_Task instructions:_ How do the lines below between the ones holding "[한글-상세페이지]-[티암" and "Seasonic FOCUS SGX-650", inclusive, read? Give them again exactly, with no other lines.

_Data for this task:_
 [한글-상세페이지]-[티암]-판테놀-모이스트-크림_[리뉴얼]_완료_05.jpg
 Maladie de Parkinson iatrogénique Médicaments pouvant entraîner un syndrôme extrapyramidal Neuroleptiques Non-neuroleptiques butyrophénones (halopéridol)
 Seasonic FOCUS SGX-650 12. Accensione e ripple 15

==

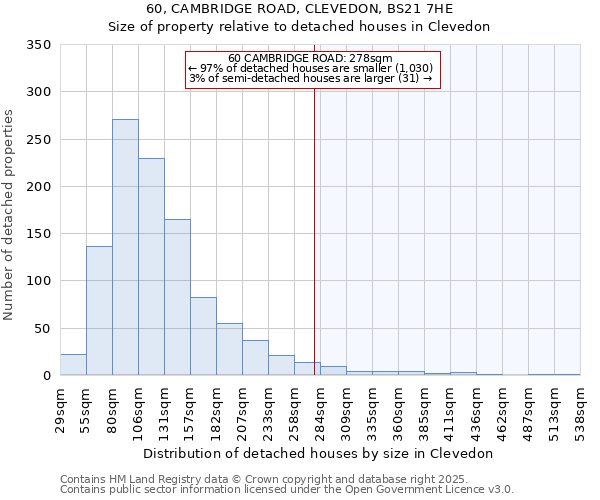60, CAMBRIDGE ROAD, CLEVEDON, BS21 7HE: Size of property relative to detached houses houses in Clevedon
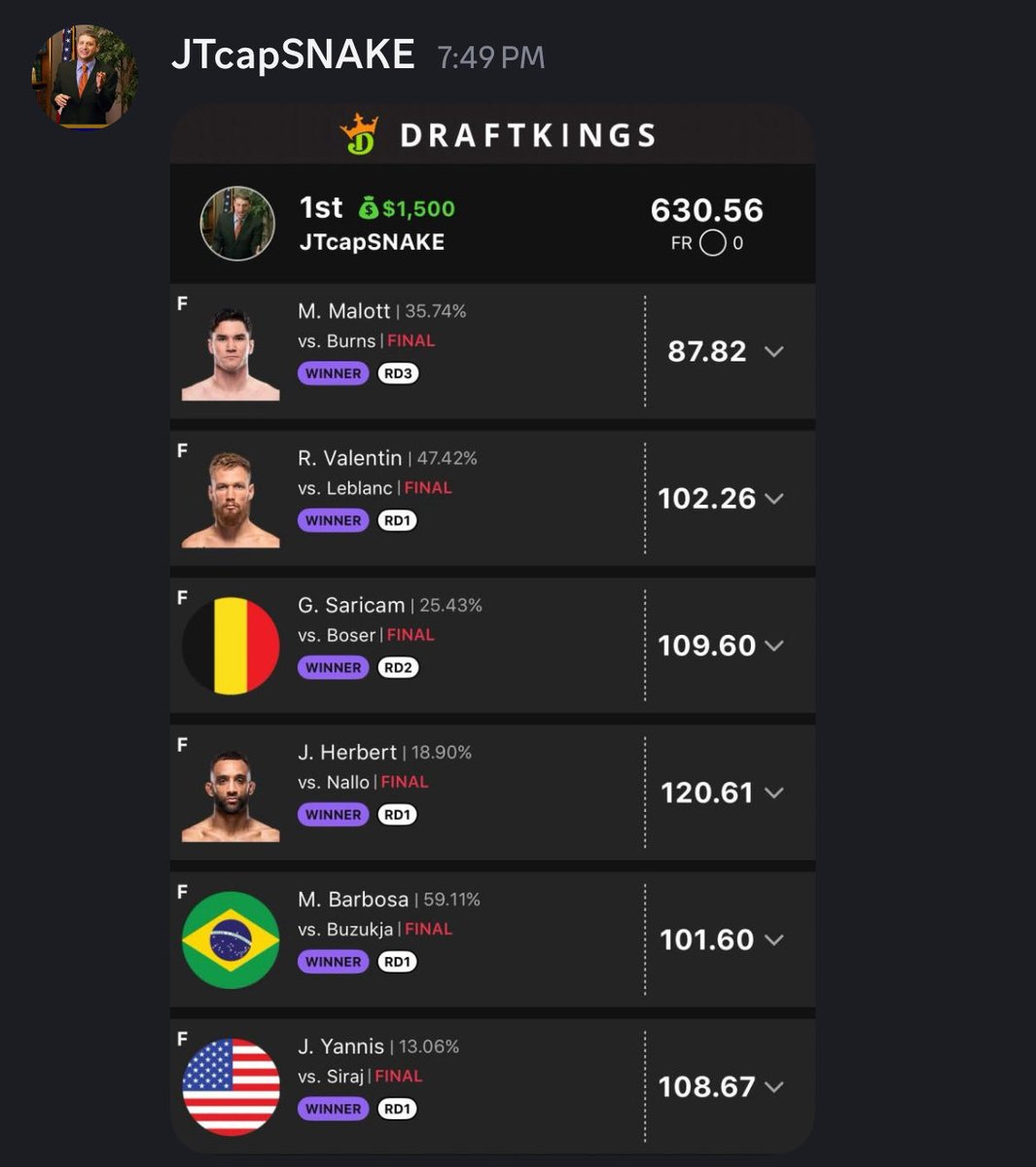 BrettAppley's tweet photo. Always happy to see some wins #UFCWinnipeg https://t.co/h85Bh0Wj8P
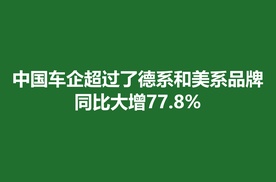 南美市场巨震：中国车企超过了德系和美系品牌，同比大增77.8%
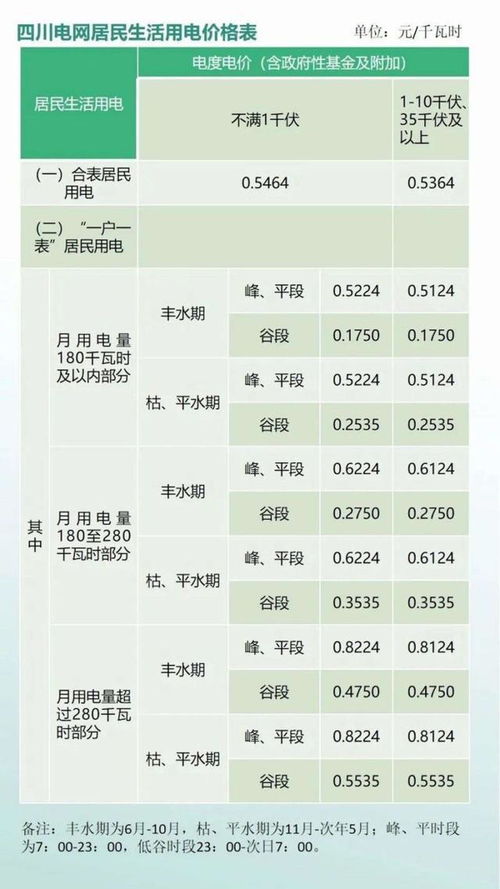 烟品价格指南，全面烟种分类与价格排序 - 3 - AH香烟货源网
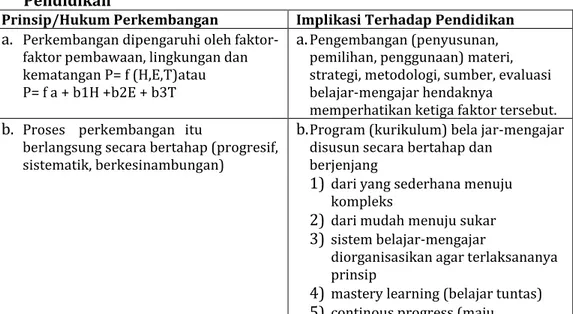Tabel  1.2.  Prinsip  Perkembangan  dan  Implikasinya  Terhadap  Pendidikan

_Exercise answer:_
 [한글-상세페이지]-[티암]-판테놀-모이스트-크림_[리뉴얼]_완료_05.jpg
 Maladie de Parkinson iatrogénique Médicaments pouvant entraîner un syndrôme extrapyramidal Neuroleptiques Non-neuroleptiques butyrophénones (halopéridol)
 Seasonic FOCUS SGX-650 12. Accensione e ripple 15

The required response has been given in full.